*Task details*. Exactly as written, reproduce the lines from the one that contains "The image shows" through the end of the records.

[Records from a dataset]
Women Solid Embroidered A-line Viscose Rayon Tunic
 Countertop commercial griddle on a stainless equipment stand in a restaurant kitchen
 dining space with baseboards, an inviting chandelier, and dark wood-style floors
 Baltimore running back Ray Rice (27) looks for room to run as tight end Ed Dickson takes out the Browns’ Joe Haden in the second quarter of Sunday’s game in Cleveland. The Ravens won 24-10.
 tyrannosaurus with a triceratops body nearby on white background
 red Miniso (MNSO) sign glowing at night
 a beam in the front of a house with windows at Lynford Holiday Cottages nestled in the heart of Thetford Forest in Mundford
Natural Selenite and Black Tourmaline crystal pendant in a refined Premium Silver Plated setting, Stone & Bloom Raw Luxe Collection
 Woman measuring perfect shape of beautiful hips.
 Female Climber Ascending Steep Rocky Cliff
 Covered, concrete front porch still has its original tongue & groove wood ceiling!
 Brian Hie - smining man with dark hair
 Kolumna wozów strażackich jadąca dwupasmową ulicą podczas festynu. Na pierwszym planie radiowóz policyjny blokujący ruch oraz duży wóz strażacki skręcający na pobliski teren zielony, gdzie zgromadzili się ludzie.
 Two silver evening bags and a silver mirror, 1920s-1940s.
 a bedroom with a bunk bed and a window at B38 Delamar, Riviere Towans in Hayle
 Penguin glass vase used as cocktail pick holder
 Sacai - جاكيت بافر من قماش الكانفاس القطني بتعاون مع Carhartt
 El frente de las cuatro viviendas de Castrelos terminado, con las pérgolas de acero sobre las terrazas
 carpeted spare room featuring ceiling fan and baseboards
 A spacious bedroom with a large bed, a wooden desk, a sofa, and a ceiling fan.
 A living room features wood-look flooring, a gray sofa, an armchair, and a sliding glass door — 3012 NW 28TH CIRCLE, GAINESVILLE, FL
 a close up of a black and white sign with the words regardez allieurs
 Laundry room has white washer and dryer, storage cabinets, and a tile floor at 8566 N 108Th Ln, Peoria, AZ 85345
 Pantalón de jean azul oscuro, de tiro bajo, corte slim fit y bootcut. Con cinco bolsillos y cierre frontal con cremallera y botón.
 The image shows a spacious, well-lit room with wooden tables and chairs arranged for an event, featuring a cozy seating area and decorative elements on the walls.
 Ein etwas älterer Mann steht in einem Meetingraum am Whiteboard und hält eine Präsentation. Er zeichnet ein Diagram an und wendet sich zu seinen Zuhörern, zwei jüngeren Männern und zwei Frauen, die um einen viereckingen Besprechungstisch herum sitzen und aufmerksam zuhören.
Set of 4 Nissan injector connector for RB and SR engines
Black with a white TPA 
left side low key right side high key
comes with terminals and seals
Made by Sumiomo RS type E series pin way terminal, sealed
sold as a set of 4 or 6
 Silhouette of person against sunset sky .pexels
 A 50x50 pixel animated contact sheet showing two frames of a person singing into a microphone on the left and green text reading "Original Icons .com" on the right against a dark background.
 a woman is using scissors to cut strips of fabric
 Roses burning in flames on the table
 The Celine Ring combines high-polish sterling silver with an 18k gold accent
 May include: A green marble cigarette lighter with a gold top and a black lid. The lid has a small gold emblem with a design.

*Output below*.
 The image shows a spacious, well-lit room with wooden tables and chairs arranged for an event, featuring a cozy seating area and decorative elements on the walls.
 Ein etwas älterer Mann steht in einem Meetingraum am Whiteboard und hält eine Präsentation. Er zeichnet ein Diagram an und wendet sich zu seinen Zuhörern, zwei jüngeren Männern und zwei Frauen, die um einen viereckingen Besprechungstisch herum sitzen und aufmerksam zuhören.
Set of 4 Nissan injector connector for RB and SR engines
Black with a white TPA 
left side low key right side high key
comes with terminals and seals
Made by Sumiomo RS type E series pin way terminal, sealed
sold as a set of 4 or 6
 Silhouette of person against sunset sky .pexels
 A 50x50 pixel animated contact sheet showing two frames of a person singing into a microphone on the left and green text reading "Original Icons .com" on the right against a dark background.
 a woman is using scissors to cut strips of fabric
 Roses burning in flames on the table
 The Celine Ring combines high-polish sterling silver with an 18k gold accent
 May include: A green marble cigarette lighter with a gold top and a black lid. The lid has a small gold emblem with a design.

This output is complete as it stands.